Nun möchte ich gerne die Links die mich zu den weiteren Informationen bringen. Welche Ansätze kann ich verfolgen um dies so umzusetzten. Sollte ich einen HTML Parser oder über RegularExpression die Links holen.

Welche HTML parser gitb es für Java?

Danke schonmal im vorraus.


----------



## Alenka87 (8. Nov 2012)

das ist ja nichts anderes als ne XML-Datei. Wie wärs mit Dom, oder JDom?


----------



## maki (8. Nov 2012)

Alenka87 hat gesagt.:


> das ist ja nichts anderes als ne XML-Datei. Wie wärs mit Dom, oder JDom?

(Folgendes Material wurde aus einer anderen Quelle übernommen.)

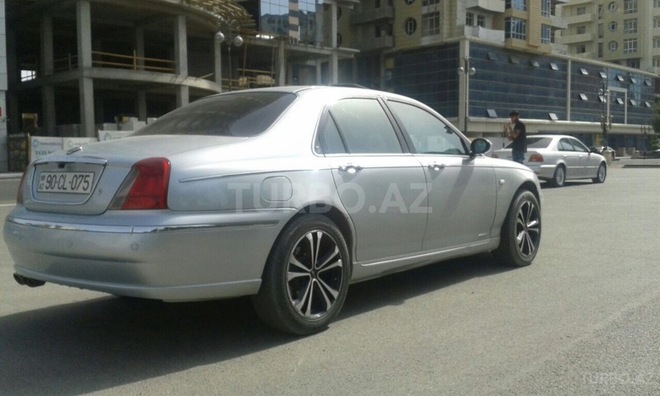Rover 75 2001, 230,000 km - 2.5 l - Bakı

HTML bis einschliesslich HTML 4 ist kein XML und auch nicht wohlgefomt, regex oder XML Parser helfen einem da nicht wirklich, da muss es schon ein richtiger HTMl Parser sein sobald es sich nicht um mini-HTML Seiten handelt.

Eine Forensuche nach "HTMl Parser" liefert übrigens sehr viele Ergebnisse, wie zB dieses hier: http://www.java-forum.org/allgemeine-java-themen/142697-html-parsing-errors.html


----------



## Alenka87 (8. Nov 2012)

*schäm mich* hab nie mit html gearbeitet aber auf den ersten Blick sah das für mich nach XML-Syntax aus


----------



## _Fussel_ (8. Nov 2012)

Danke für die schnelle Atnwort. An den SAX Parser hatte ich auch schon gedacht, Probleme bekam ich dann als ich mir einen ContentHandler schreiben wollte.


----------



## Noctarius (8. Nov 2012)

Es gibt aber HTML2DOM Parser, JTidy - JTidy z.B. welches auch HTML4 in einen DOM parsen kann.


----------



## _Fussel_ (8. Nov 2012)

Ich gehe davon aus das ein DOM-Parser zuviel Ressourcen benötigt, da wir die Auswertung auf einem mobilen Gerät planen. Von daher würde sich ein Parser anbieten der keinen kompletten Objektbaum aufbaut.
Bei anderer Meinung lasse ich mich gerne beraten.


----------